An equiconcave lens of glass and focal length of 20 cm is halved and kept at separation of 10 mm apart with opaque rod in between as shown. A point source is placed at distance of 30 cm from lens. Fringe width of interference formed on screen for light of wavelength 400 nm is

Answer 1

0.04 mm

Answer 2

The problem describes a setup analogous to Young's double-slit experiment where the two halves of an equiconcave lens act as sources of coherent virtual images.
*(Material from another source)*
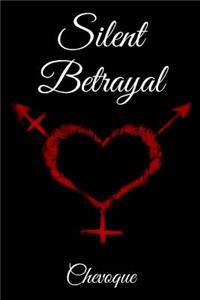 Silent Betrayal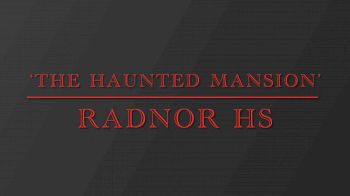 Radnor HS - The Haunted Mansion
1. Image Formation: The lens formula is $\frac{1}{v} - \frac{1}{u} = \frac{1}{f}$. Given: Focal length $f = -20$ cm (equiconcave), object distance $u = -30$ cm. $\frac{1}{v} = \frac{1}{f} + \frac{1}{u} = \frac{1}{-20 \text{ cm}} + \frac{1}{-30 \text{ cm}} = \frac{-3 - 2}{60 \text{ cm}} = \frac{-5}{60 \text{ cm}} = \frac{-1}{12 \text{ cm}}$ The virtual images are formed at $v = -12$ cm from the lens.
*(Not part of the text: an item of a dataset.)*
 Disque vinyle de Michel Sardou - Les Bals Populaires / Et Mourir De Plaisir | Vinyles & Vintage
2. Separation of Virtual Sources: The lateral magnification $m = \frac{v}{u} = \frac{-12 \text{ cm}}{-30 \text{ cm}} = \frac{2}{5}$. The two halves of the lens are separated by 10 mm. This separation directly translates to the separation of the virtual sources ($d$) because the point source is on the principal axis. Thus, $d = 10$ mm.

3. Distance to Screen: The virtual sources are at 12 cm in front of the lens. The screen is placed 88 cm behind the lens. The total distance from the virtual sources to the screen is $D = 12 \text{ cm} + 88 \text{ cm} = 100 \text{ cm}$.

4. Fringe Width Calculation: The fringe width $\beta$ is given by $\beta = \frac{\lambda D}{d}$. Given: Wavelength $\lambda = 400 \text{ nm} = 400 \times 10^{-9} \text{ m}$. $D = 100 \text{ cm} = 1 \text{ m}$. $d = 10 \text{ mm} = 0.01 \text{ m}$. $\beta = \frac{(400 \times 10^{-9} \text{ m}) \times (1 \text{ m})}{0.01 \text{ m}} = \frac{400 \times 10^{-9}}{10^{-2}} \text{ m} = 400 \times 10^{-7} \text{ m} = 4 \times 10^{-5} \text{ m}$ Converting to millimeters: $\beta = 4 \times 10^{-5} \text{ m} \times \frac{1000 \text{ mm}}{1 \text{ m}} = 0.04 \text{ mm}$